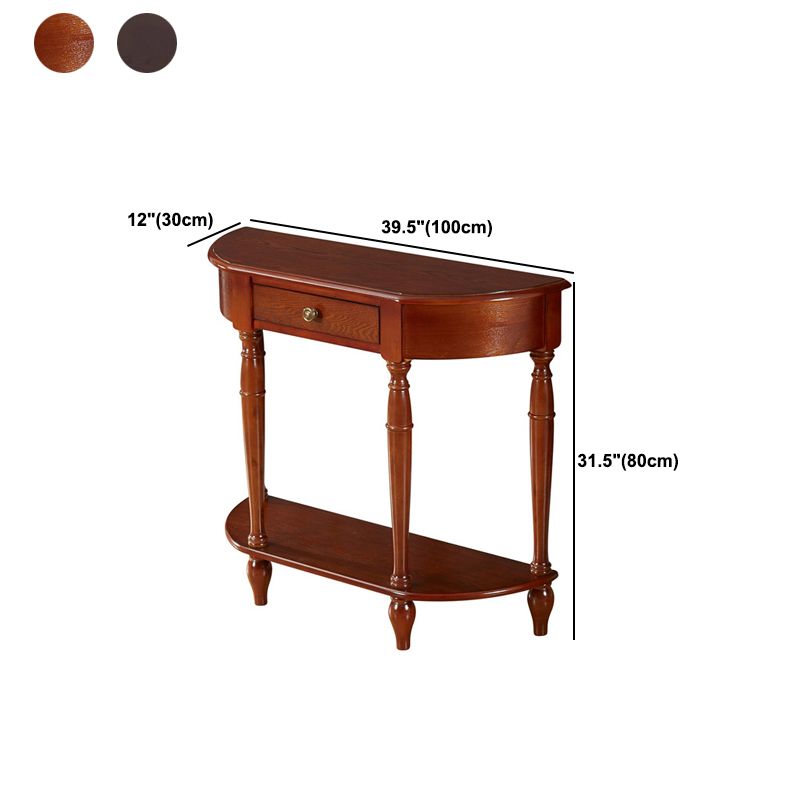 Mid-Century Modern Sofa Table Half Moon Floor Shelf Dark Brown Console Table Clearhalo 'Console Tables' 'console_tables' 'Entry & Mudroom Furniture' 'furn' 'furn_console_tables' 'Furniture' 1200x1200_e09e25e9-b897-4128-966e-6cad8eb6797e
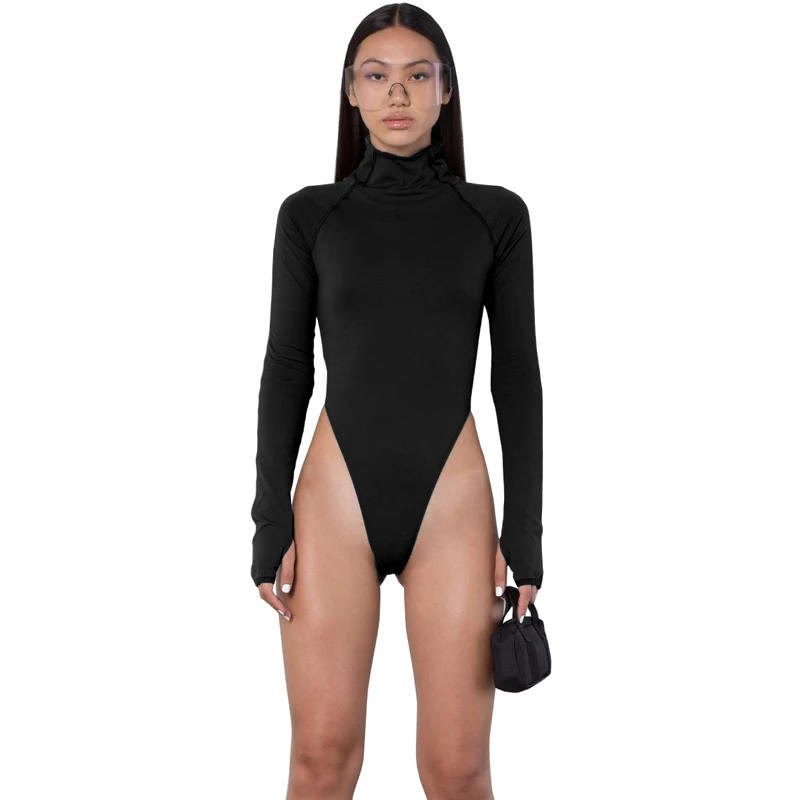 Spring Black Fluorescent Green Turtleneck Long Sleeve Bodysuit Women New Bodycon Rompers Skinny High Cut Out Thong Bodysuits 2XL Spring Black Fluorescent Green Turtleneck Long Sleeve Bodysuit Women New Bodycon Rompers Skinny High Cut Out Thong Bodysuits 2XL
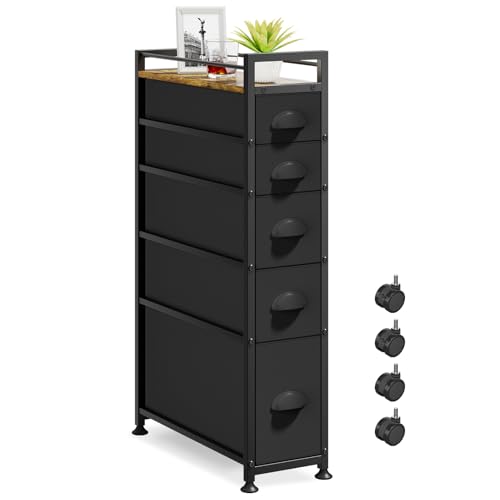 VASZOLA 5 Drawer Narrow Dresser Slim Cabinet Skinny Storage Tower Chest, Ideal for Small Spaces Bathroom Bedroom, Between Washer and Dryer, Lightweight Mobile on Wheels, Sturdy Fabric Drawers, Black von VASZOLA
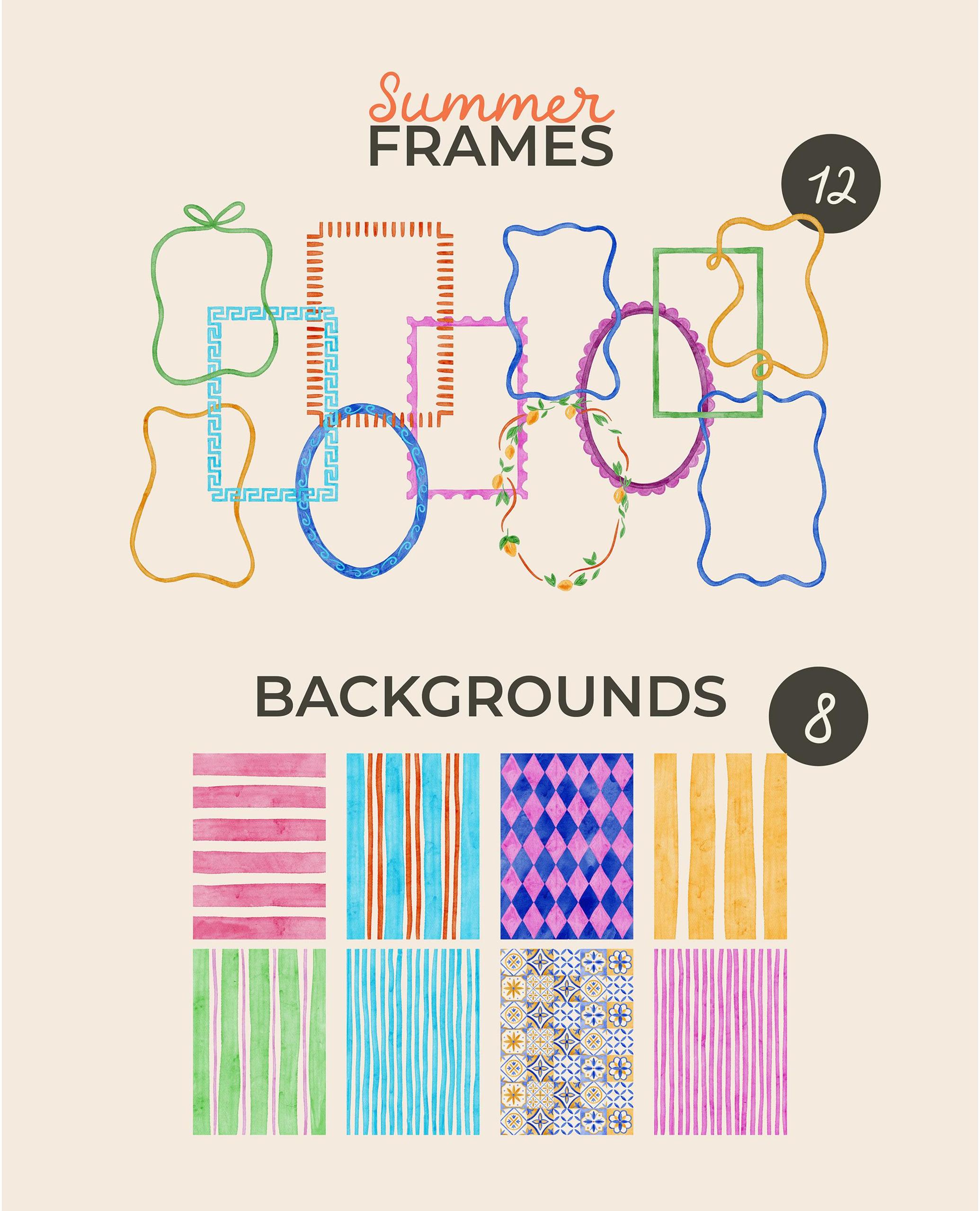 Summer Watercolor Frames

* Exercise
Each line above should be returned exactly as written, apart from any pictures.

* Exercise answer
 Mid-Century Modern Sofa Table Half Moon Floor Shelf Dark Brown Console Table Clearhalo 'Console Tables' 'console_tables' 'Entry & Mudroom Furniture' 'furn' 'furn_console_tables' 'Furniture' 1200x1200_e09e25e9-b897-4128-966e-6cad8eb6797e
 Spring Black Fluorescent Green Turtleneck Long Sleeve Bodysuit Women New Bodycon Rompers Skinny High Cut Out Thong Bodysuits 2XL Spring Black Fluorescent Green Turtleneck Long Sleeve Bodysuit Women New Bodycon Rompers Skinny High Cut Out Thong Bodysuits 2XL
 VASZOLA 5 Drawer Narrow Dresser Slim Cabinet Skinny Storage Tower Chest, Ideal for Small Spaces Bathroom Bedroom, Between Washer and Dryer, Lightweight Mobile on Wheels, Sturdy Fabric Drawers, Black von VASZOLA
 Summer Watercolor Frames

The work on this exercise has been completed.